All MRI examinations were acquired using three 3.0-T scanners, two identical Discovery 750w (GE Healthcare, Milwaukee, WI) and one Discovery 750 (GE Healthcare, Milwaukee, WI). For both models of MR scanners, the same institutional protocol was used for SIJ examinations, including axial and oblique coronal (parallel with the long axis of the sacral bone), fat-suppressed (FS) T2-weighted (T2w) fast spin-echo (FSE) sequences as well as oblique coronal T1-weighted FSE sequences, and oblique coronal proton density-weighted FSE sequences.

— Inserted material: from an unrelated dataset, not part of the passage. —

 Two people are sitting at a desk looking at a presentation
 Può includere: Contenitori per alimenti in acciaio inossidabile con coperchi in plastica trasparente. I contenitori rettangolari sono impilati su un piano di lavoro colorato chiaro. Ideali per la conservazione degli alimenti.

We chose to acquire oblique coronal FS T2-weighted FSE images (scanning parameters: repetition time/time to echo = 3200/85 ms, slice thickness/gap = 4/0.5 mm, field of view = 30 × 30 cm, matrix size = 320 × 256, number of excitations = 4). This is because among the sequences included in the institutional protocol, BME is the most prominent in T2w images. Besides, in the most recent suggestion from the ASAS working group [11, 20], only the abovementioned T2w FS sequence is recommended. Images were retrieved from the Picture Archiving and Communication System in the Digital Imaging and Communications in Medicine format.

Segmentation and labeling of ROIs

Two different heterogeneous regions of interest (CircleOriginal and FacetOriginal) were manually segmented and labeled using Research Portal V1.1 (United Imaging Intelligence, Co., Ltd., Shanghai, China). CircleOriginal and FacetOriginal were segmented and labeled back-to-back on oblique coronal MR images by two radiologists with 2 and 11 years of experience, respectively (Reader A and B). Prior to segmentation, both radiologists underwent training to ensure that the ROIs were drawn to the required standard. Boundaries of the ROIs were validated and redrawn by Reader B when necessary to reduce intra-reader bias and to better adhere to the segmentation criteria.

Next, CircleOriginal was automatically expanded by 15 mm in all directions to generate Circle, which represents a pair of circular ROIs of a defined size located within the SIJ and encompasses as much of abnormal findings as possible. Circle was segmented and expanded using a method inspired by a previous study [21].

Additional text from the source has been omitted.